“I can put it away.” He started to stack a pile of journals.
“I don’t mind.” She stepped into the room. “Are you redoing the inventory list?”
“And risk dismemberment? That’s your domain.” He lifted a sheaf of documents. “These are House of Lords projects.”
“All of this?” She moved to take the seat opposite him, but he motioned to the empty chair at his side. Soon, their elbows were touching. “I thought you were finished for the summer.”
“Parliament closed in July and the new session won’t reopen until November, yes. But there is always work to be done. These two journals chronicle the changes in imports and exports, this pile of correspondence has to do with choosing leadership for a few committees, and this stack of reports—but of course I’m boring you.”
She shook her head. “You’re not. Really. The first book I ever read twice was a tome on descriptive geometry, so if you’d like to make a wager on which one of us is more likely to out-bore the other…”
“Ooh, descriptive geometry,” he echoed with wide eyes. “Is that one by Radcliffe or Walpole?”
She swatted his arm. “Gaspard Monge, actually. Perhaps more people would read those gothic novels if they applied more logic than swooning virgins and dark fantasies.”
“No they wouldn’t.” Azureford affected a dramatic pose. “‘I must flee the Castle of Otranto with its ninety degree angle flying buttresses.’”
“Well, that explains why the castles are always so frightening,” she replied with a straight face. “Buttresses cannot properly support their weight unless they’re installed at forty-five degree angles. A good, solid swoon is completely understandable when there’s a castle falling down about one’s shoulders.”
He laughed and opened the journal marked Imports. “Remind me never to buy you a romantic novel.”
Carole stuck out her tongue and listened to his explanation about the intricacies and differences between the Importation Act of 1812 and the Import Act of 1813.
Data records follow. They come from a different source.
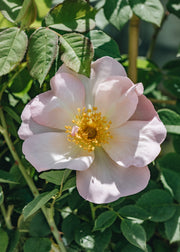 David Austin Roses Rosa Shropshire Lass CLG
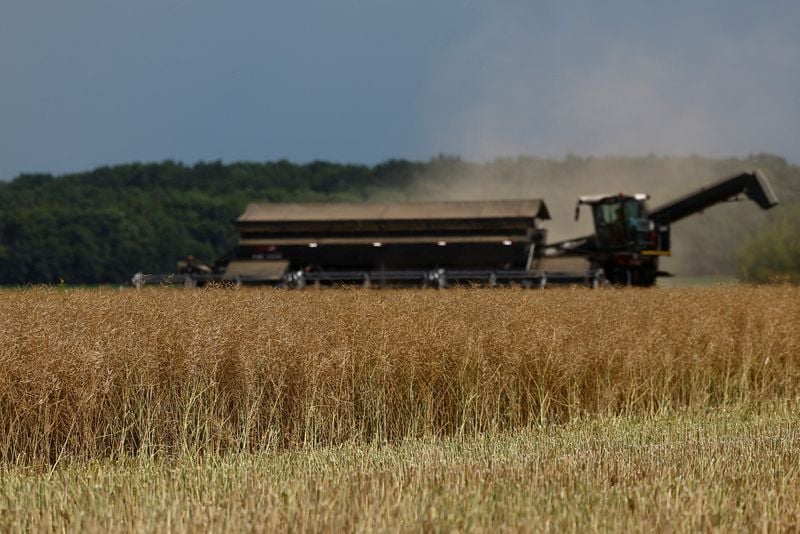 Image for Exclusive-Ukraine could boost rapeseed plantings if Iran conflict drags on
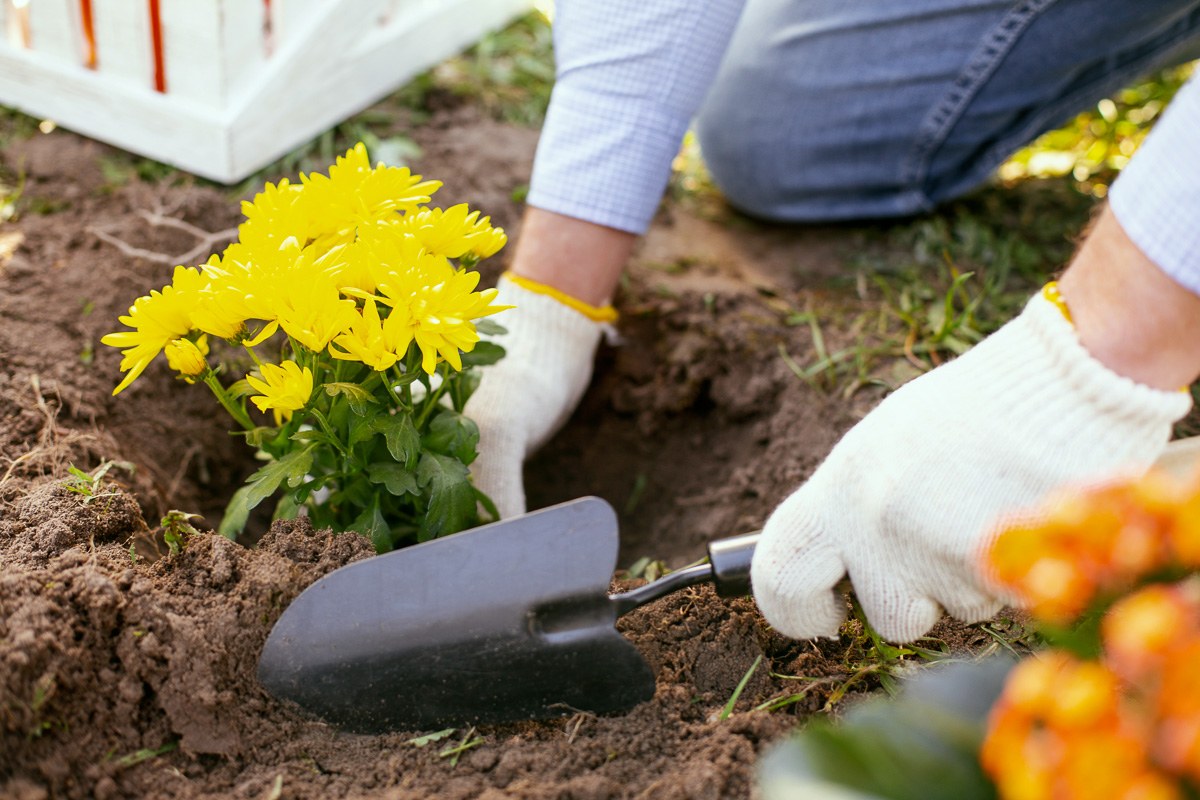 Planting Yellow Flower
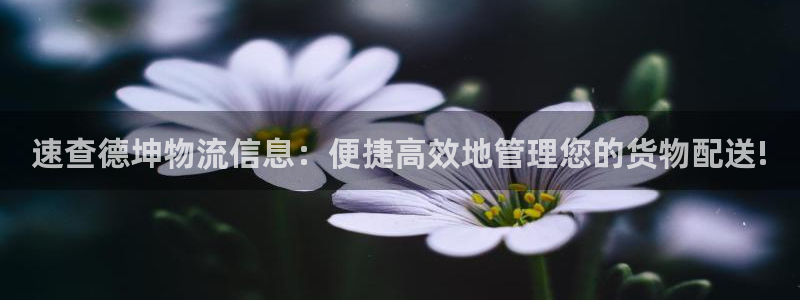 加拿大28圈数字规则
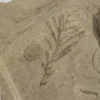 Swamp Cypress - Glyptostrobus sp. - Image 3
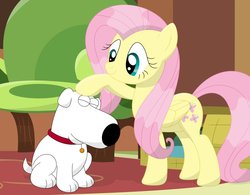 Size: 1013x789 | Tagged: safe, artist:porygon2z, fluttershy, g4, brian griffin, crossover, family guy, male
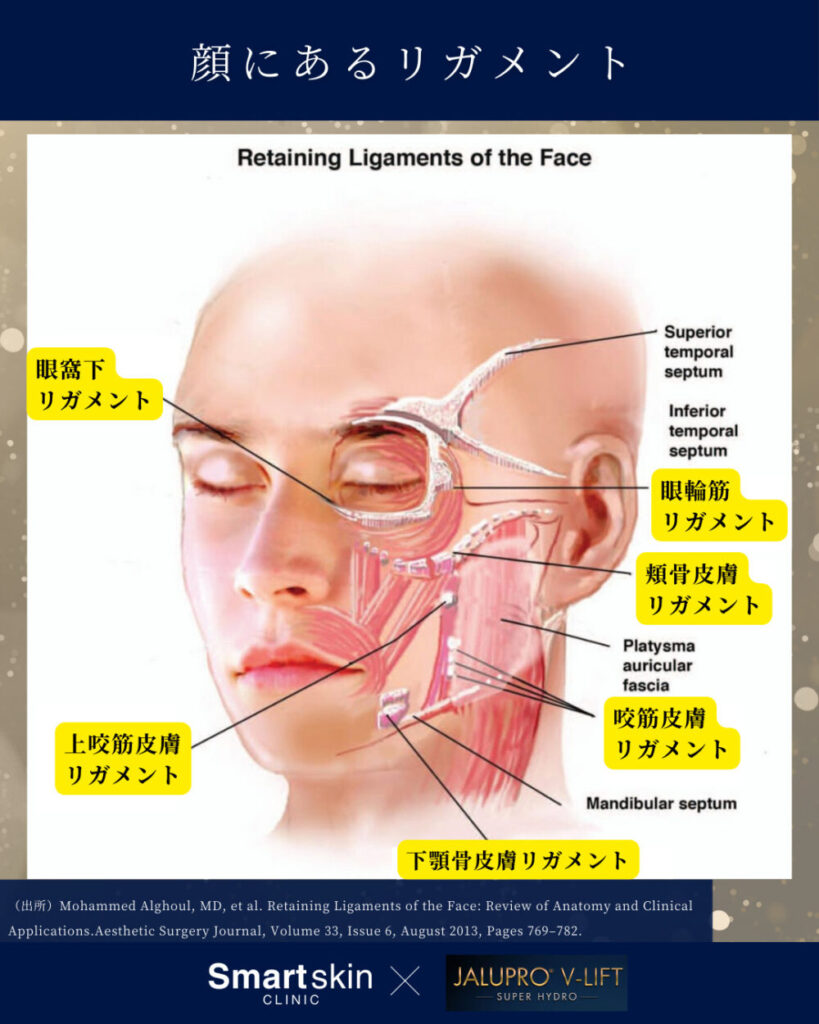Ligament in the face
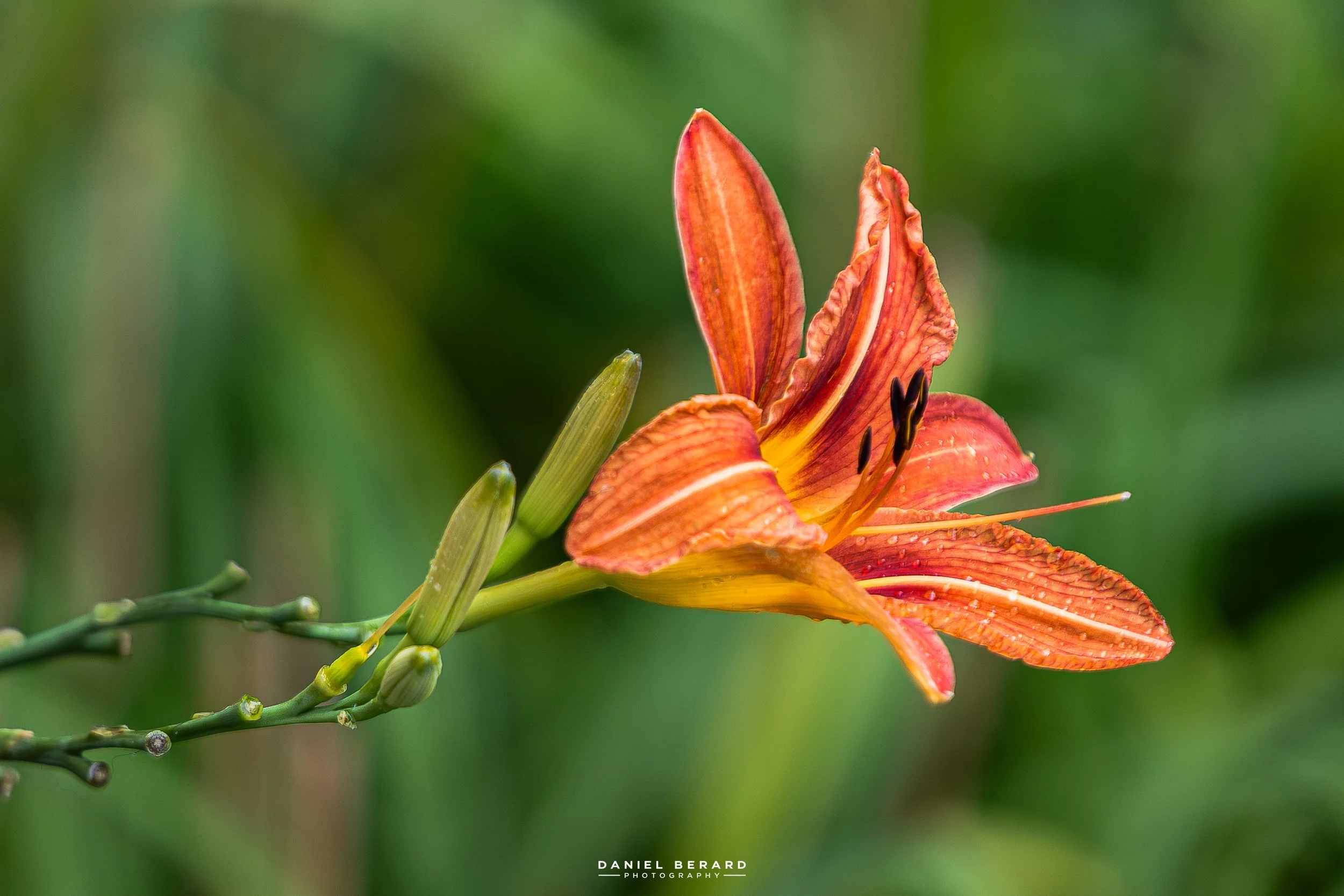 Orange Flower-1077.jpeg
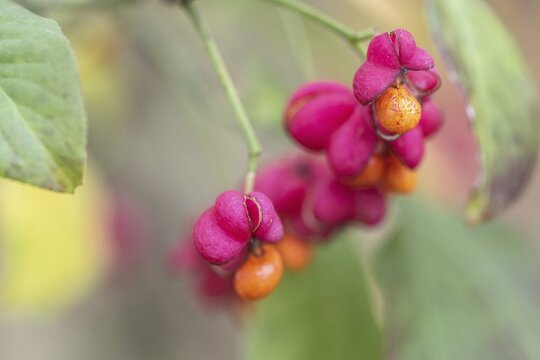 Peacock, spindle bush (Euonymus europaeus), fruit stand, Emsland, Lower Saxony, Germany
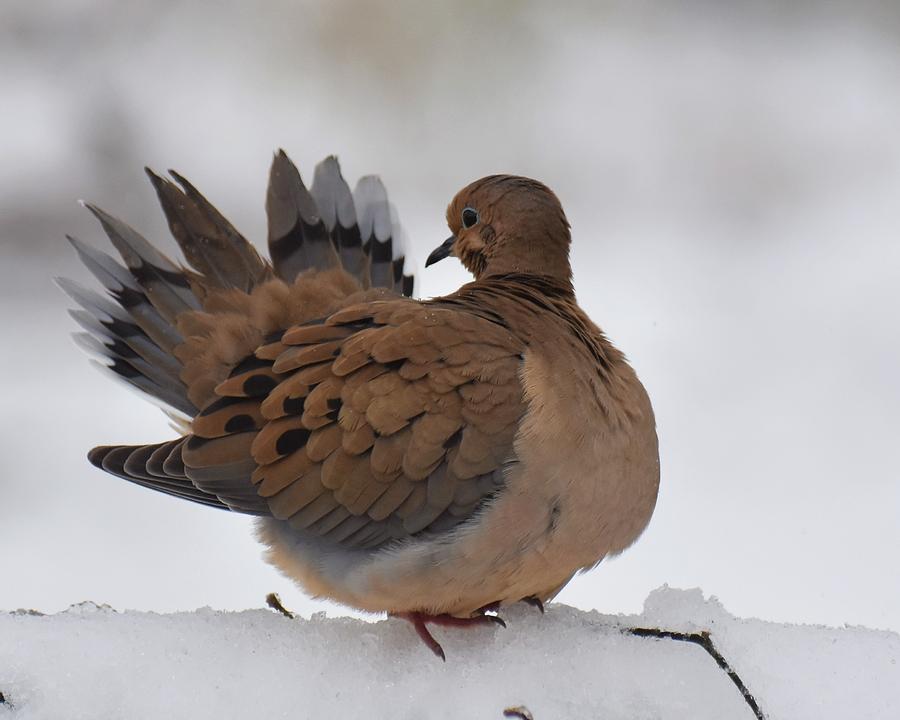 Preening Mourning Dove Photograph by Chip Gilbert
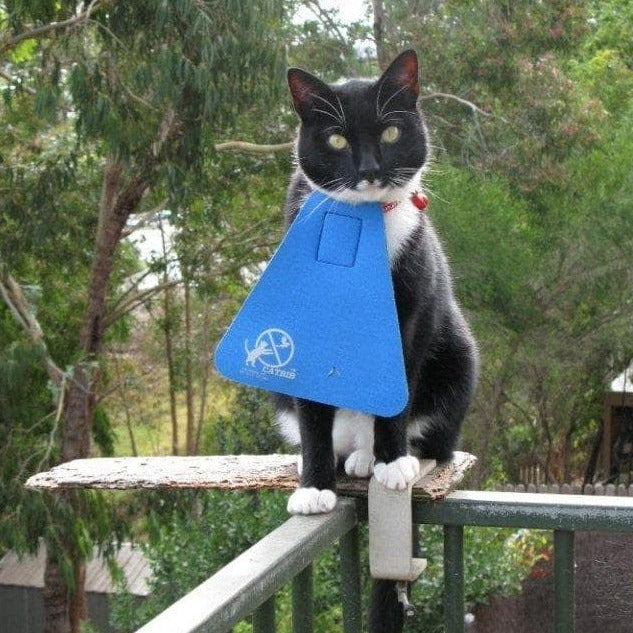 Rocky the cat waits for lunch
In no time, she began to realize that Azureford was not only surprisingly humble and droll, but also very, very clever. He scarcely needed to glance at the journal entries to quote them exactly. How many times had he gone over this material? Could he just look at things and remember them? No wonder everyone in the House of Lords seemed to want him on their committee.
Luckily for them, Azureford seemed passionate about every one of the worthy causes blanketing his dining table. If he hadn’t been a lord, Carole rather suspected he’d have served in the House of Commons. Being born a duke was essentially carte blanche to do or have anything His Grace desired, but he wasn’t resting on inherited laurels. He was probably the single most competent representative in all of Parliament.
She shifted in her seat. This new facet made him all the more attractive.
Not that she dared develop a tendre for him, of course. He was shooting for the stars and she was staying put. No matter how magnetic she found his passion, her loyalty was to her family and the vow she’d made never to abandon her father.
Well, that was putting the cream before the scone, wasn’t it? Her cheeks heated. She was here as his library inventory consultant, not to compete as a future bride.
He paused. “I’ve lost you. What are you thinking about?”
“Parliament,” she hedged. You being wrong for me in every way.
“I don’t mind. Most people see it as an excuse to come to Town for the Season.” He winced as he belatedly realized most residents of this village might not share that privilege. “Oh. Have you ever had a… Have you been to London?”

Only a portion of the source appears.